House GOP Forced To Accept Ukraine Funding It Had Previously Opposed

The new spending bill to keep the federal government open past Friday includes a dollop of funding to help Ukraine fight off invading Russians — even though House Republicans had rejected the cash a few months ago and giving Ukraine any more money may endanger House Speaker Mike Johnson’s standing in the party.

Buried in the 1,000-page-plus spending bill is a provision giving Ukraine $300 million to use on training, weapons and replenishing U.S. stocks of weapons sent there, among other things.

The amount is a pittance compared to the about $60 billion the Biden administration has requested to last Ukraine past the November elections and is in the bipartisan Senate foreign aid package that has yet to be taken up by the House.

But any amount of money going to Ukraine, which has been fighting off an unprovoked full-scale invasion by Russia since February 2022, is likely to set off alarm bells within part of the House Republican conference, where skepticism about Ukraine runs deep and the money at issue was rejected by most of the party in September.

“AT LEAST $300 million in additional funding for Ukraine in this minibus. This legislation is NOT a win for Americans,” posted Rep. Andy Ogles (R-Tenn.) early Wednesday.

The House Freedom Caucus, a group of conservative and libertarian House Republicans, scheduled a morning press conference to discuss the bill, which it will likely oppose.

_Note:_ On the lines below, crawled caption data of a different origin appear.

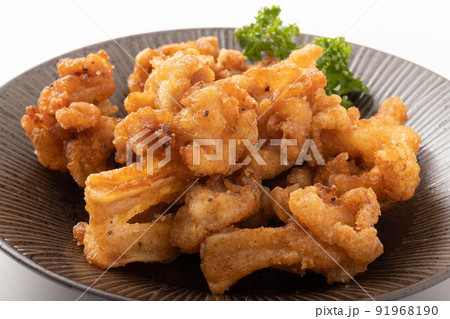 肉つき鶏軟骨　唐揚げ 91968190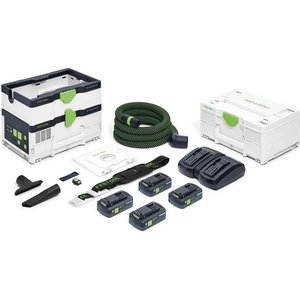 Festool Cleantec CTLC SYS HPC 4,0 I-Plus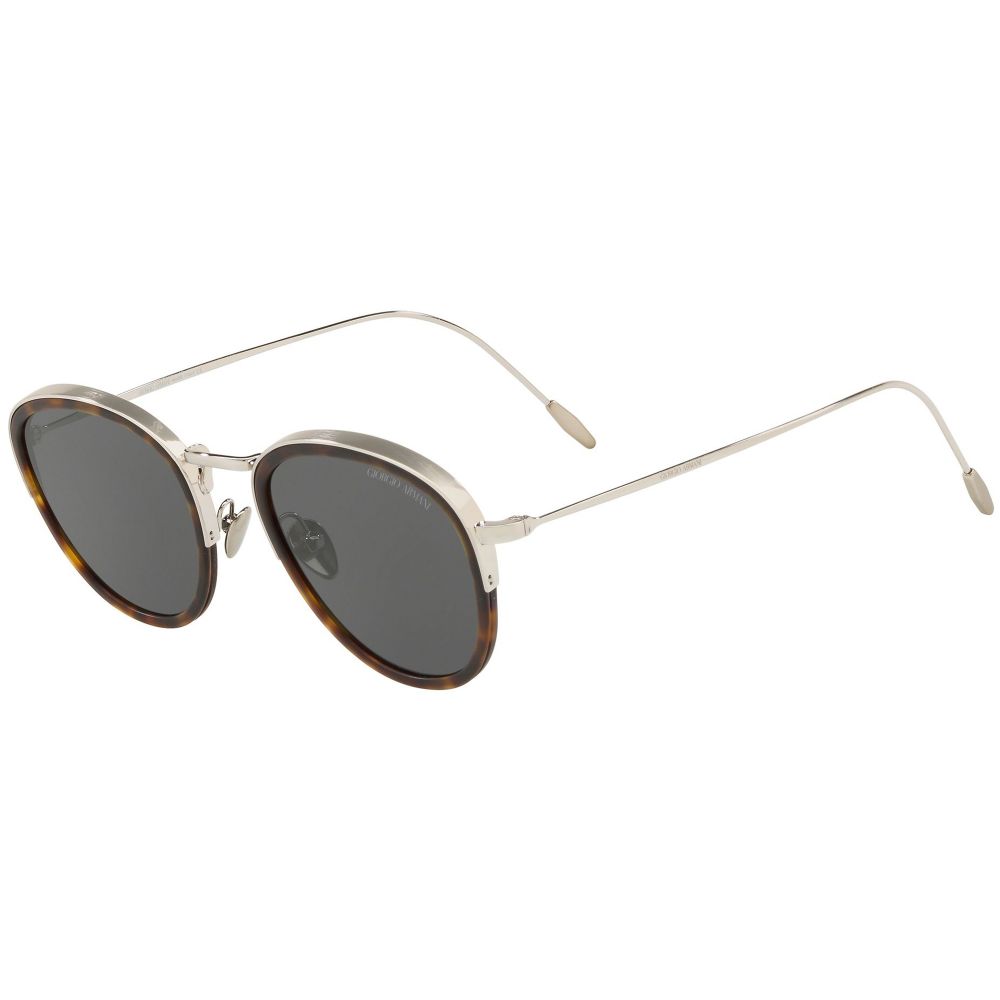 Giorgio Armani Солнцезащитные Очки FRAMES OF LIFE AR 6068 3045/87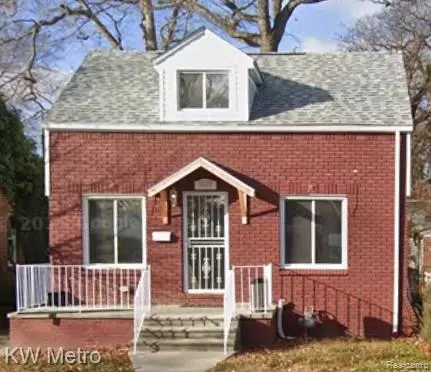 19359 Keystone St, Detroit, MI 48234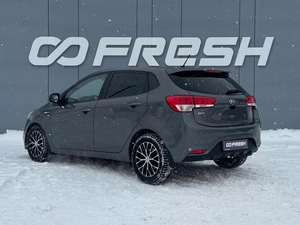 Хетчбэк Kia Rio 2015 года, 879000 рублей, Ижевск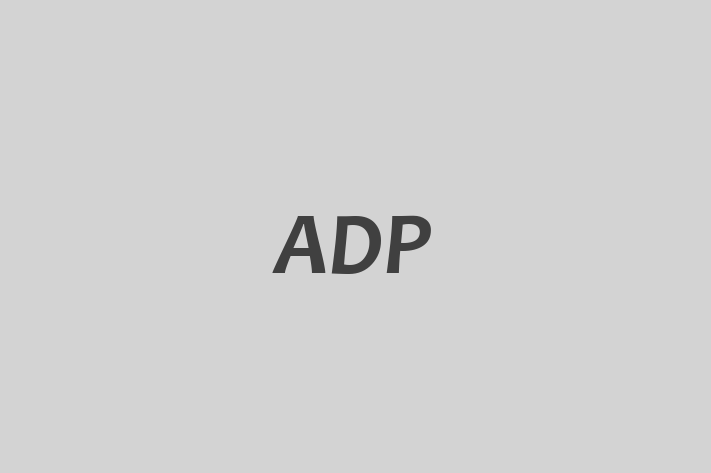 Software Solutions Provider ADP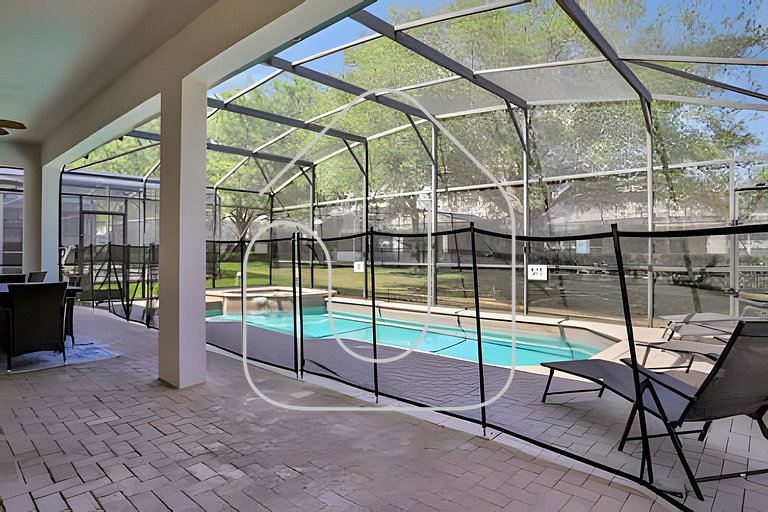 Windsor Hills 6BR Retreat, Pool & Game Room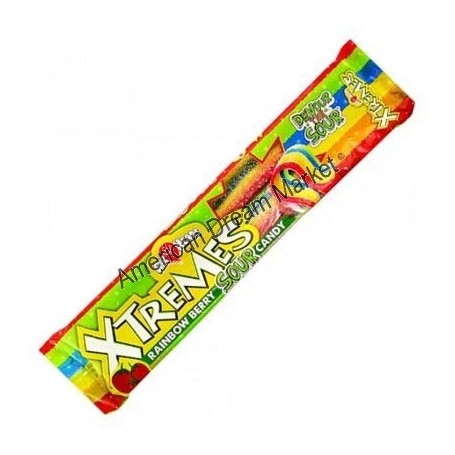 Air heads xtremes sweetly sour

In addition to the prospect of a restless Freedom Caucus, one House Republican, Rep. Marjorie Taylor Greene (R-Ga.) has threatened in the past to bring up a move to oust Johnson if he brought the big supplemental spending bill including Ukraine aid to the House floor. Whether she would consider the smaller amount a similar provocation is unclear.

The bill is expected to be brought to the House floor under a procedure requiring it get a two-thirds majority to pass, reflecting that Democrats will likely bring most of the votes for it, with House Republicans bringing the rest. But House Republicans had a say in negotiations because they control the House and Johnson decides what makes it to the floor.

The spending bill was negotiated by the White House, the leaders in the House and Senate and leaders of the Appropriations Committee in both chambers. That may be a problem for Johnson because some in the House GOP believe strongly in the “Hastert rule,” named after a former House speaker, that held that when Republicans control the House, only legislation that has the support of the majority of the majority party should pass.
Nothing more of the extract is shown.